We don’t know of a simple fix to the perverse incentives at work, but we know there are educational leaders and researchers who’ve tired of this happy dance and are ready to partner in pursuit of sometimes uncomfortable truths. For those individuals, we have six suggestions:
- Be clear about what you really want from an evaluation: truth or compliments.
- Make a “prenup” describing what happens if the results are disappointing. Just the act of pondering a negative result can set up a better evaluation. If you have an appetite for hard truths, gauge the risk of actually pursuing them. Talk to your board members or funders. Are they prepared to see uncomfortable findings? Will they crawl away if the results disappoint or will they actively commit to supporting your efforts to learn from the evidence, to essentially redo your model and try again?

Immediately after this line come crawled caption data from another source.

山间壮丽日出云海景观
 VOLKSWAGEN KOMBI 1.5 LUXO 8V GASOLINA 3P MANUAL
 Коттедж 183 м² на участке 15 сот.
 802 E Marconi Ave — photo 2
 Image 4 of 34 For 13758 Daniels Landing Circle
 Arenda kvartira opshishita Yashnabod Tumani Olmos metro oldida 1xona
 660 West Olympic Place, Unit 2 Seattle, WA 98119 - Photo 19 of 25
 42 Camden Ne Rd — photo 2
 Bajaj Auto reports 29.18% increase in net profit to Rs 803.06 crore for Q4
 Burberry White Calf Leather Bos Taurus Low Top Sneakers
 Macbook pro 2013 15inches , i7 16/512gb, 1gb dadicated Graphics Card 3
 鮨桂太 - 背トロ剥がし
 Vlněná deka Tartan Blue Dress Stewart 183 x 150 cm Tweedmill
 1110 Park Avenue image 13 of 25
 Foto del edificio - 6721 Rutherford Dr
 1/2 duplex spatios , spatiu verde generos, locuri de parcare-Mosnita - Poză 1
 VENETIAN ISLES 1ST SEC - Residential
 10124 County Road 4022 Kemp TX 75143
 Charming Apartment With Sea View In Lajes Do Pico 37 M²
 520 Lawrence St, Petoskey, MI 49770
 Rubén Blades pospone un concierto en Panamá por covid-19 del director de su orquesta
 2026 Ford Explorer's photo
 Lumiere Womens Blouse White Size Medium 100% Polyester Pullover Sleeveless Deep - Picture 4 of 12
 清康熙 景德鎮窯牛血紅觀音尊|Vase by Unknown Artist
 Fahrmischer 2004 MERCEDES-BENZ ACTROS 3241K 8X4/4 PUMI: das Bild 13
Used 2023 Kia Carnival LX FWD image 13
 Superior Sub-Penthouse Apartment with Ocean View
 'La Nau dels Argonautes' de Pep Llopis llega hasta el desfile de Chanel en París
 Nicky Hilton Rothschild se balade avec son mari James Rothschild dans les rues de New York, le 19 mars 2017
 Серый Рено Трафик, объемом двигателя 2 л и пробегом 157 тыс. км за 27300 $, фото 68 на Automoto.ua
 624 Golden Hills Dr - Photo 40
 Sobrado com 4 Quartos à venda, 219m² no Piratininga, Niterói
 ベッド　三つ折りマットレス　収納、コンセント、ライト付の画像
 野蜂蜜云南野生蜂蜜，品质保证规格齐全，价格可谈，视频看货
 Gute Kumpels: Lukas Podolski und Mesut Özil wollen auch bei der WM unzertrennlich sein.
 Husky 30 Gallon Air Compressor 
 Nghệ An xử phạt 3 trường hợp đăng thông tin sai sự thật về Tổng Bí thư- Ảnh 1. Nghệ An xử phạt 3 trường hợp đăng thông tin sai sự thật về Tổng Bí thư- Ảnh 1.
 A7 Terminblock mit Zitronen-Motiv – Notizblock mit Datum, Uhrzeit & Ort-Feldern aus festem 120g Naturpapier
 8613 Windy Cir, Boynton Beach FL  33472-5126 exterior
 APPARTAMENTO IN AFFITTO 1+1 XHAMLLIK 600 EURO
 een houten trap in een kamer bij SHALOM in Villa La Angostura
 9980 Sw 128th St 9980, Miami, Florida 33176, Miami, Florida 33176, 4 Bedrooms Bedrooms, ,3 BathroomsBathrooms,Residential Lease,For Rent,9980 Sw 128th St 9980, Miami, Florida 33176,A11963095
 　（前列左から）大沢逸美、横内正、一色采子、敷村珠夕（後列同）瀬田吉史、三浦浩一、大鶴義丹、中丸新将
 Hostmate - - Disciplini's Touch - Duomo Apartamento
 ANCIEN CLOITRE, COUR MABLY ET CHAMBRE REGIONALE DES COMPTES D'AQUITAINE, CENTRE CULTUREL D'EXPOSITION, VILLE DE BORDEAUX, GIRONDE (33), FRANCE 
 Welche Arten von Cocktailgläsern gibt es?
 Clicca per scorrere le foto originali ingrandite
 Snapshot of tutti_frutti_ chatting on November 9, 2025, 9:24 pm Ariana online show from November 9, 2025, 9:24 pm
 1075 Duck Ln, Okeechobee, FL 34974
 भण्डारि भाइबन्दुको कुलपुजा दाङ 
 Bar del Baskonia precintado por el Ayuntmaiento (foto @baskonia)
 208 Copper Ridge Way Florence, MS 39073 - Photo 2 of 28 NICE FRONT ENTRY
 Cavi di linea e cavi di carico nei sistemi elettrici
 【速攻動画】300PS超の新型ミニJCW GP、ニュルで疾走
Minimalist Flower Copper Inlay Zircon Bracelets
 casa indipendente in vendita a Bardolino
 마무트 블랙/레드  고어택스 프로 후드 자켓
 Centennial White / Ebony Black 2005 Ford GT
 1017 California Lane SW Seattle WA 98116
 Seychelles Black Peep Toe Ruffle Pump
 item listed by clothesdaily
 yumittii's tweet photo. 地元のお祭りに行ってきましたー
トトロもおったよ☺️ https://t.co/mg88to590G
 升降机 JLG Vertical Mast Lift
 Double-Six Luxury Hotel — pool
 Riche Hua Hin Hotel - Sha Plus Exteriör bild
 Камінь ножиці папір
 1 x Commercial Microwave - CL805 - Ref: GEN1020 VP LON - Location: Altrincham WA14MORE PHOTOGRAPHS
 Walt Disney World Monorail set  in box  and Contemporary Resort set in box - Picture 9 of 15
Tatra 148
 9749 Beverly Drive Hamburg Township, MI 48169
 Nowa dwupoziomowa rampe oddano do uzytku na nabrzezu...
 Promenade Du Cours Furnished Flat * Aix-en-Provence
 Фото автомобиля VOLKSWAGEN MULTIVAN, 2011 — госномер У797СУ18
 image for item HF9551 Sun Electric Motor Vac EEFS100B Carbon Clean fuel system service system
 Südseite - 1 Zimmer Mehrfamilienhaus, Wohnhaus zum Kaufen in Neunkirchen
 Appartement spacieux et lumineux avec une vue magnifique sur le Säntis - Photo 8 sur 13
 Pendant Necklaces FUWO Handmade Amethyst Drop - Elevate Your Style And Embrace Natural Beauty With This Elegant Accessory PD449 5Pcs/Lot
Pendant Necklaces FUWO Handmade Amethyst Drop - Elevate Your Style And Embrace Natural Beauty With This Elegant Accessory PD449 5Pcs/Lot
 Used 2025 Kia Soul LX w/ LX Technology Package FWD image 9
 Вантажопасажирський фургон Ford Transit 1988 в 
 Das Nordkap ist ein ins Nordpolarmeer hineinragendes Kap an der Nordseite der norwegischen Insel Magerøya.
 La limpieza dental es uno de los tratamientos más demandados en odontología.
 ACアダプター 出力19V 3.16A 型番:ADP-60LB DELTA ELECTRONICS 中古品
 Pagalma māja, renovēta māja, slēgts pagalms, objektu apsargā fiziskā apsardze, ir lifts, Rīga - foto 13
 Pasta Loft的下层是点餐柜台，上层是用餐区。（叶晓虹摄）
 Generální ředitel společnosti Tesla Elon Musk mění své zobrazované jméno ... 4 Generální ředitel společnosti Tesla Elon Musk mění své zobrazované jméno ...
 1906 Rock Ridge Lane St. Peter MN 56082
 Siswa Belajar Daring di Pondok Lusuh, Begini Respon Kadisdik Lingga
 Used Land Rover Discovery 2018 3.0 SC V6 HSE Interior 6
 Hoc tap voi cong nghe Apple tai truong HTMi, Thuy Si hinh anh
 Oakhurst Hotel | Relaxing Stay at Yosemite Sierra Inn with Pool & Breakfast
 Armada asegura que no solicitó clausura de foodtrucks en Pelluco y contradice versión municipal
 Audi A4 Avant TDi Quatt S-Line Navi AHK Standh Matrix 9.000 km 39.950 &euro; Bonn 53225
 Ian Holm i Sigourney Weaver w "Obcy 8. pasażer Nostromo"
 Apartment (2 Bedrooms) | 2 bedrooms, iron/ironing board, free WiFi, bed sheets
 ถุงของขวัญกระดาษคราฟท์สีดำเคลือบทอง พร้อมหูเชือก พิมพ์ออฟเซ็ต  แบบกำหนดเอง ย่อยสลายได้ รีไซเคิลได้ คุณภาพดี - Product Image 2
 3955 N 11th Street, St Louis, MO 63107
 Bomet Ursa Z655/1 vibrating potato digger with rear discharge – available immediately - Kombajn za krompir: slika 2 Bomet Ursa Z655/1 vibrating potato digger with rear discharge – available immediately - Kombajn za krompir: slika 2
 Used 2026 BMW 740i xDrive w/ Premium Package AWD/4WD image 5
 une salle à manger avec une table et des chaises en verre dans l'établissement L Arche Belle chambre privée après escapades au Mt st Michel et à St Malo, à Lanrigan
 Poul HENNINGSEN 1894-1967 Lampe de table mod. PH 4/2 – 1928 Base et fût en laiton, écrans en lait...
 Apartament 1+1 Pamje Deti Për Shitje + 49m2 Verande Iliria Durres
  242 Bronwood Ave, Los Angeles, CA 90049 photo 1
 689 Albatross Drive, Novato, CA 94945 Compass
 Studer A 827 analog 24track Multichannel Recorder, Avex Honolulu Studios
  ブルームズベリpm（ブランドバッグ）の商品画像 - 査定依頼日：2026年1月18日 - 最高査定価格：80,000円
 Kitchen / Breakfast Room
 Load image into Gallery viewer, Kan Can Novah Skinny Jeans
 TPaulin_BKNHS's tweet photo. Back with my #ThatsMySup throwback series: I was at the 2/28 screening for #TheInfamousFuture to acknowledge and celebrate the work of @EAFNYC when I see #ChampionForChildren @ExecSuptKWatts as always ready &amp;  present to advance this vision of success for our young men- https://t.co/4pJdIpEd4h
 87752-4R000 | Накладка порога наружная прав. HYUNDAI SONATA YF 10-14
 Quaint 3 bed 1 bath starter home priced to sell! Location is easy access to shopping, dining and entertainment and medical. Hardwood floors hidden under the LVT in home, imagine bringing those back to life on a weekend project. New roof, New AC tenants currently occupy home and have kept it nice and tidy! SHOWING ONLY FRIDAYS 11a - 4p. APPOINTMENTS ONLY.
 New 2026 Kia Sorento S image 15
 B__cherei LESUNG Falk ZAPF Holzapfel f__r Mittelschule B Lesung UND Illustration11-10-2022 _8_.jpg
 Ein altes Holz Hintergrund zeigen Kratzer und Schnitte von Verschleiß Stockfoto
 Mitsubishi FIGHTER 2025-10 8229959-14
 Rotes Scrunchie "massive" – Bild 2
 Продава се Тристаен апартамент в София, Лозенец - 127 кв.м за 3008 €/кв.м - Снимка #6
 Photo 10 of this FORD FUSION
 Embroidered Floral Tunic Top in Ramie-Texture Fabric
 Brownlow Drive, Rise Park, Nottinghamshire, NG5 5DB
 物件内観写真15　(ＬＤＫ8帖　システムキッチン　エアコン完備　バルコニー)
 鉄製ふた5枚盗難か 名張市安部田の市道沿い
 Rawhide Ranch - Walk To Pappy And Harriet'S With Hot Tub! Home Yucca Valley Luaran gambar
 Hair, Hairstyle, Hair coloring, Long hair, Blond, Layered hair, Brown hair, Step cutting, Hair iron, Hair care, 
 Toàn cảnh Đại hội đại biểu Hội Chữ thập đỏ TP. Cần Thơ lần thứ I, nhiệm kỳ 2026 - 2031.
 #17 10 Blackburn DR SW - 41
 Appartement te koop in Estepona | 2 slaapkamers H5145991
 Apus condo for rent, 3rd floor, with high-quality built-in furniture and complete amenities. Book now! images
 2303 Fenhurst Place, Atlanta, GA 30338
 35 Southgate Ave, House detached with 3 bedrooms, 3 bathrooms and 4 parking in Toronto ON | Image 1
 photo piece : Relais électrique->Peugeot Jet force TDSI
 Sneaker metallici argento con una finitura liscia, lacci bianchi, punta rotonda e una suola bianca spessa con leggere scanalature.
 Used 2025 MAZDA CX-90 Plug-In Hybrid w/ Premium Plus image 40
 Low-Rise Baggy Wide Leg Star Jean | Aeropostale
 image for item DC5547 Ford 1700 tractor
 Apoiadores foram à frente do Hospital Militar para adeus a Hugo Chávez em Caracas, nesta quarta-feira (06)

- Get a good sense of what you want before seeking a partner. For education leaders, are you seeking hard numbers or something more descriptive? For researchers, are you intent on gauging whether a school or program “works” or are you more interested in learning how it works and might be improved? Knowing this upfront can make it easier to find the right researcher and to ask the right questions.
- Leaders need to deliberately seek out the right researcher. Google your question and words like “evaluation” or “randomized controlled trial (RCT).” Gather the names of a few scholars who’ve studied questions like yours—and try to find a couple folks who haven’t (remember that researchers can benefit from being outside the in-group bubble). Introductions are great, but cold emails can also work surprisingly well. As you narrow your search, peruse what they’ve published and check out their Twitter accounts. Seek out researchers who seem free from agendas and are willing to question convention.
- Researchers need to find education leaders or entrepreneurs who are serious about R&D and truth-seeking. They should look off the beaten path for those leaders who can demonstrate that they’re willing to do what it takes to collect useful, reliable data and who can point to a track record of countenancing hard truths, acknowledging what’s not working, or using data to refine their programs and practices. Finding such partners is easier when researchers cultivate new networks and are open to exploring questions that may stretch beyond their comfort zone.
- Finally, leaders should interview a prospective researcher the way they would an architect, and researchers should scrutinize potential partners the way architects would a client. Think of it as a negotiation. With an architect and client, it’s a discussion of ideas, constraints, and practical considerations. Leaders need to pose questions to be tackled while understanding that researchers will bring their own queries and expertise on how to find the answers.
There’s great power in evidence. It can enable us to learn how to better support and educate students. But, as every courtroom drama teaches, evidence is not the same as truth. There have been some notable strides in the methodological sophistication of 21st-century educational research. But it will take much more if we are to trade today’s research-practice pageantry for something more valuable.